Ironically, the merger with Guinness was not one of those big things which had to be delivered. The concept was first articulated by George Bull, now Grand Met's chairman, at a management strategy conference in France in 1989. He argued the need for a step change in the drinks business and a move to what he called the premier league. The concept has been refined since and finally became possible in March when the Grand Met share price began to reflect more accurately the value vested in the business.

The merger gives McGrath another opportunity to put his wealth of management skills to the test and to add yet more to his fund of knowledge.

"I am a very good listener and I learn a lot from other people, " McGrath says. "Because I am basically self-confident, I do not worry about saying 'I am sorry I don't know what you are talking about'. So it is quite easy for me to learn quite quickly because I go and talk to people.

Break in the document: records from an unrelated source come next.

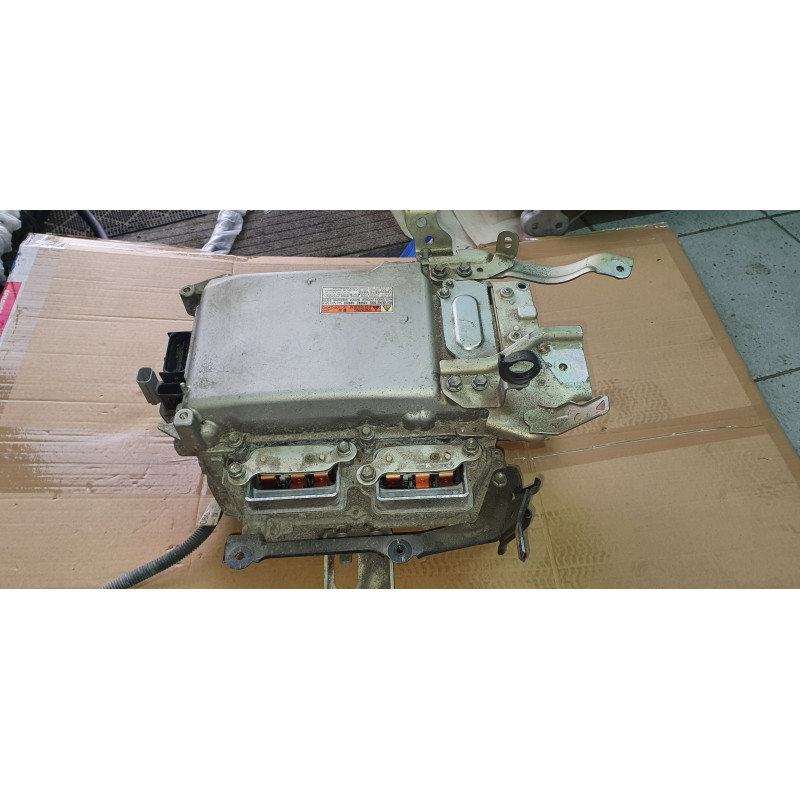 G9200-42010 Toyota RAV4 Hybrid Inverter Converter 2015-2020 G9270-78010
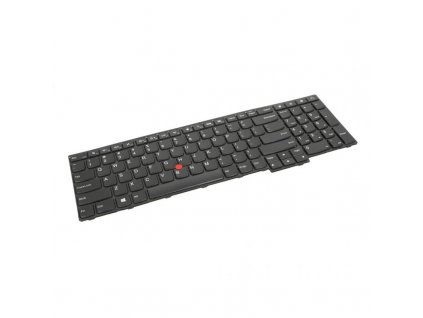 klavesnice pro notebook lenovo thinkpad e531 e540 e545 l540 trackpoint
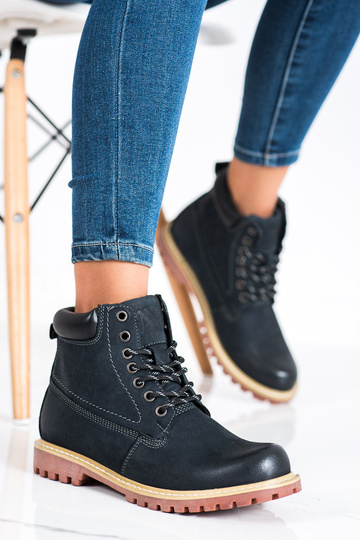 Stile casual Scarpe da... 2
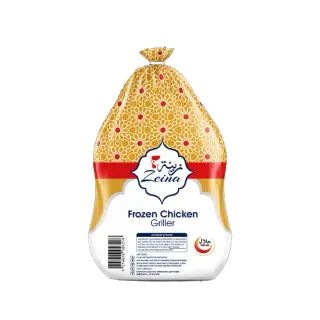 زينة دجاج حلال 1000 جم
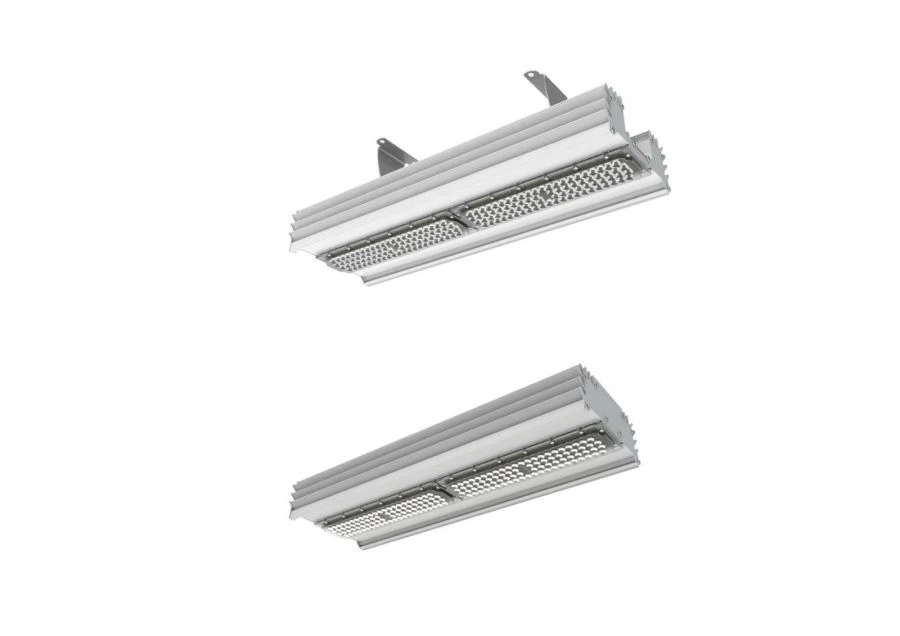 SL Series LED Luminaire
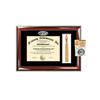 AllGiftFrames University of Texas El Paso Tassel Diploma Frame UTEP Campus Picture Double Degree Plaque Tassel Holder Framing Graduation Gift Bachelor Master MBA Doctorate PHD Certificate Case view 1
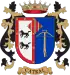 Escudo d'armas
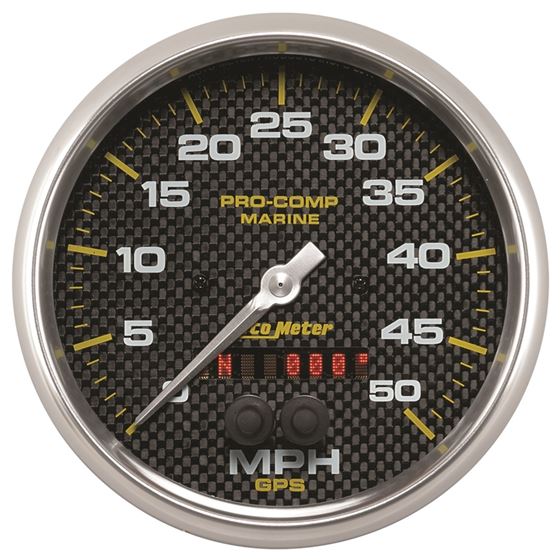 AutoMeter Speedometer Gauge(200644-40)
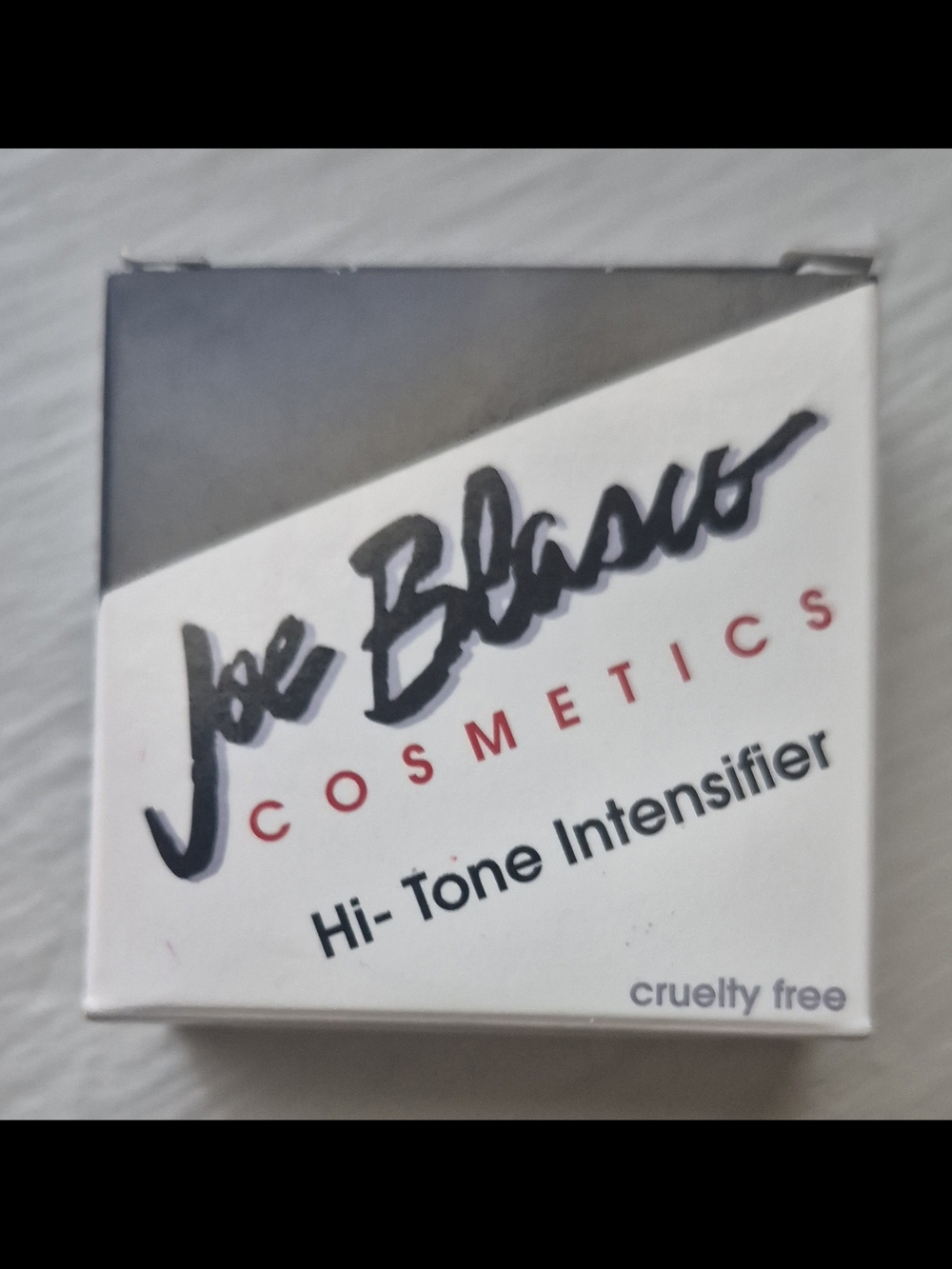 Joe Blasco Cosmetics 6-Piece Makeup Bundle-NIB Discontinued Deadstock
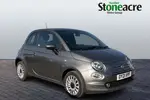 2021 Fiat 500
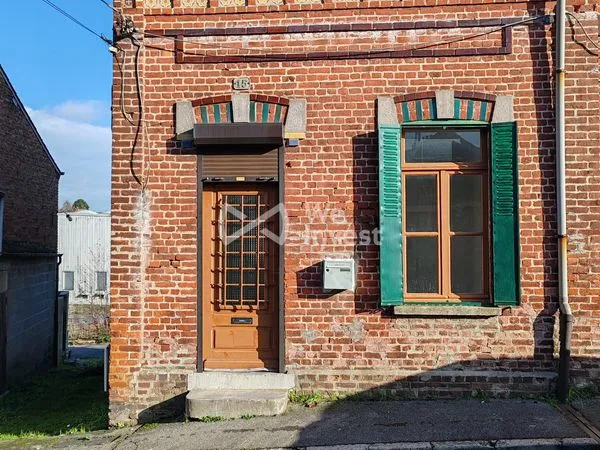 Maison 5 pièces 85 m² 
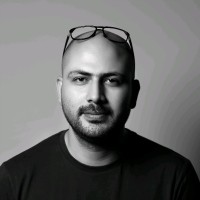 bimeh.com Employee Ali Bateni's profile photo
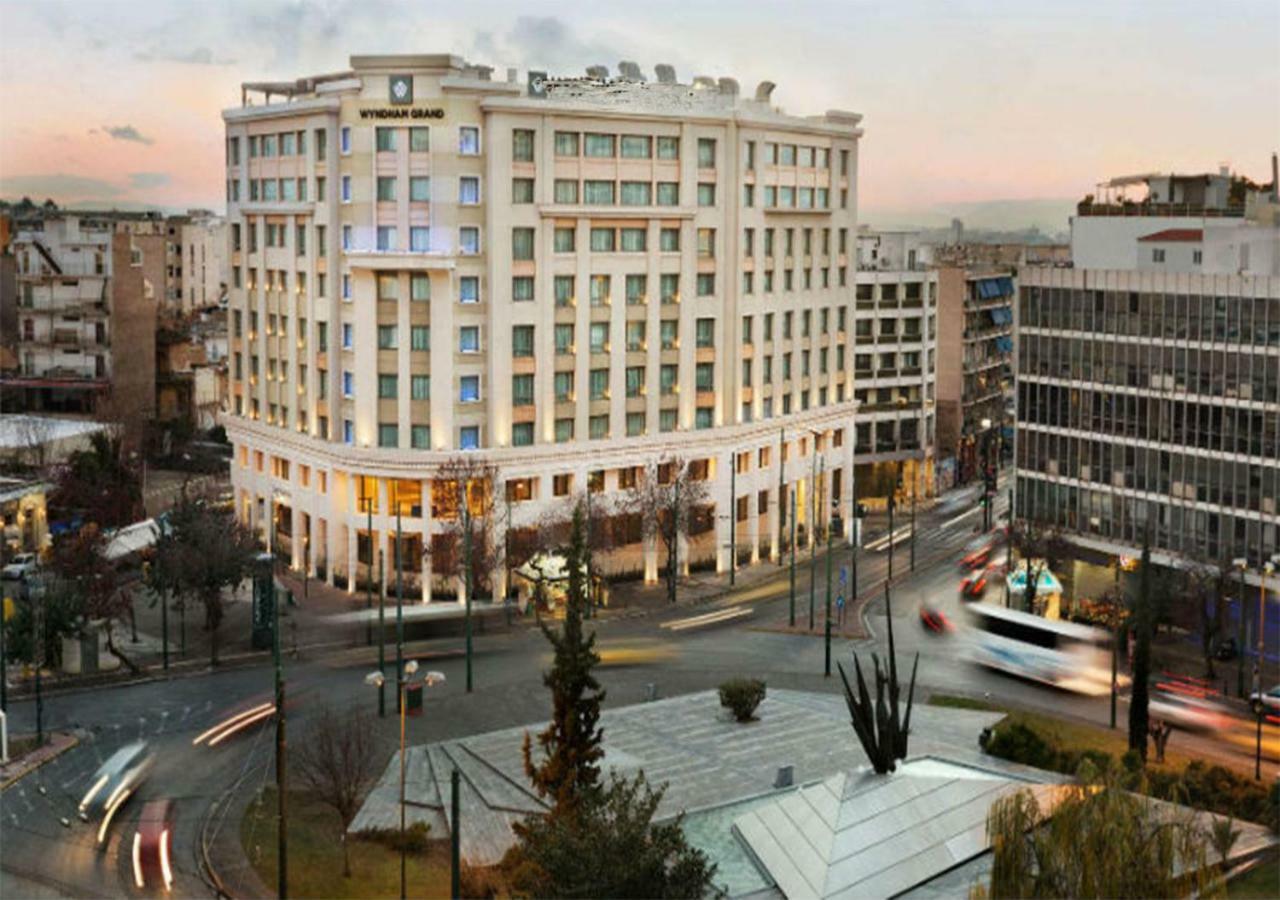Apartamento Stylish Athenian Flat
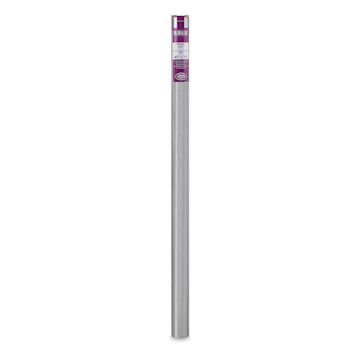 Open in modal - Grafix Dura-Lar Clear Acetate Alternative - 40" x 12 ft, .003", Roll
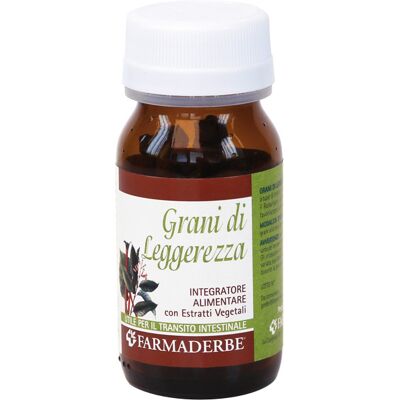 Farmaderbe Supporto Digestivo alle Erbe - Integratore naturale Farmaderbe Supporto Digestivo alle Erbe - Integratore naturale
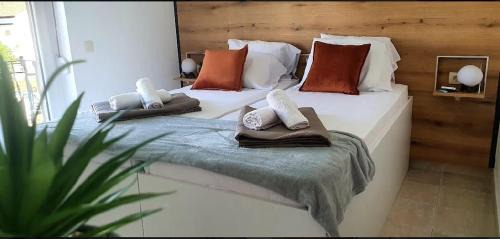 Centar House | Villa Zorica Budva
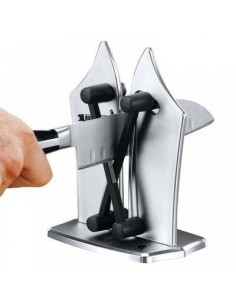 Aparat pentru ascutit cutite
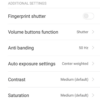 Xiaomi Redmi 6 kamera postavke 3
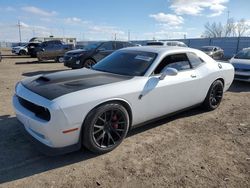 2016 Dodge Challenger SRT Hellcat for sale in Greenwood, NE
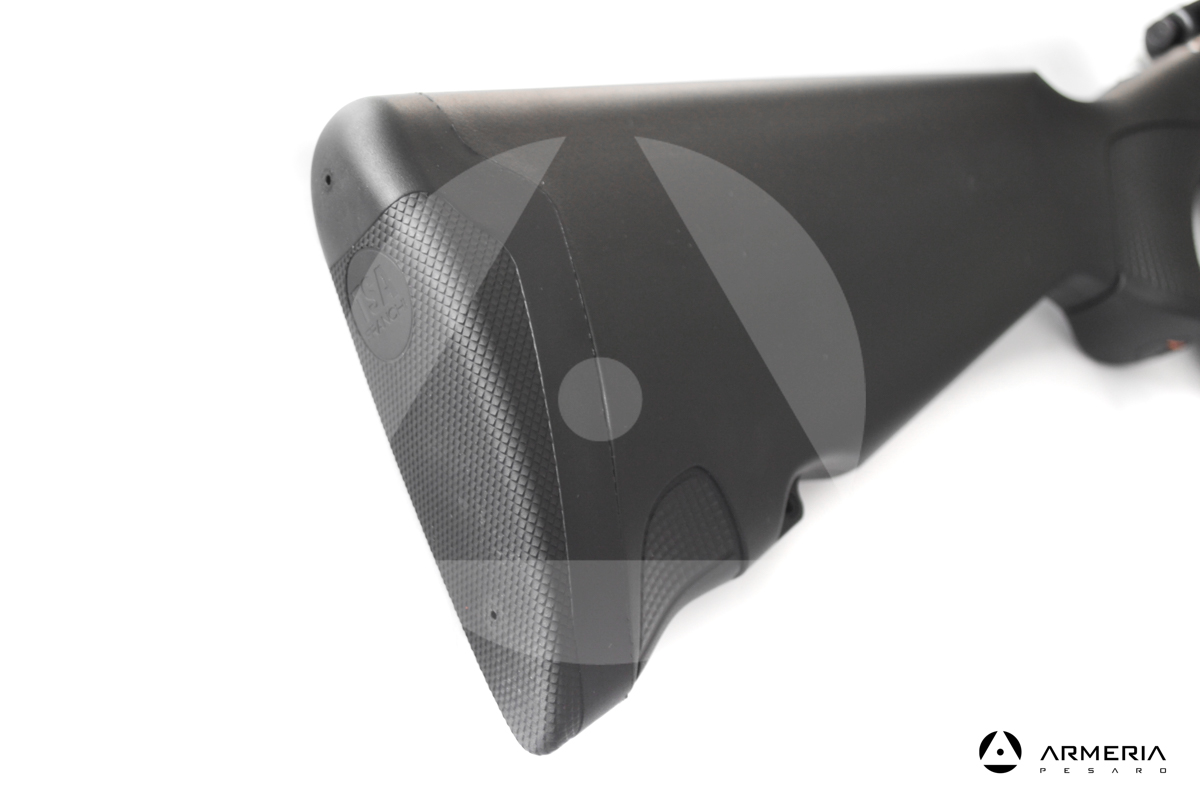 Carabina Bolt Action Franchi modello Horizon Black calibro 308 Winchester calciolo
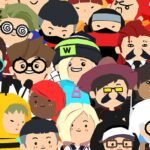 Play Together MOD APKs 2.15.0 (Unlimited Gems)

I don't have to be some precious god who expects to have perfect knowledge."

No one would describe McGrath as precious. He is very much the man of the people. Now he has to prove he is the man of even more people.

"If anyone can do this, John can," a colleague remarks. "The time is right for the merger and John is right for the time." There is no mistaking his enthusiasm and delight at the merger and he is thrilled by the response of the Grand Met staff who in some cases cannot contain their excitement. However, he is also the voice of restraint and reality.

"You can't allow the two ships to drift. You need to give clear direction because things will happen slower than people want," McGrath cautions.

"We have to be careful that the top management doesn't move too fast. We have been on to this since the middle of March, but 99.999 per cent of the staff have only been on this since 7.30 am Monday morning. If you race on ahead you are going to leave an awful lot of people behind. We want to move quickly but bring everyone with us."

In keeping with his commitment to clarity, McGrath has not become cluttered with the mind-boggling detail of the transaction. His objective is breathtaking in its simplicity and its modesty.

"I would take a lot of pride if GMG Brands was viewed as a very well managed international business, because if we are that then everything else will get delivered."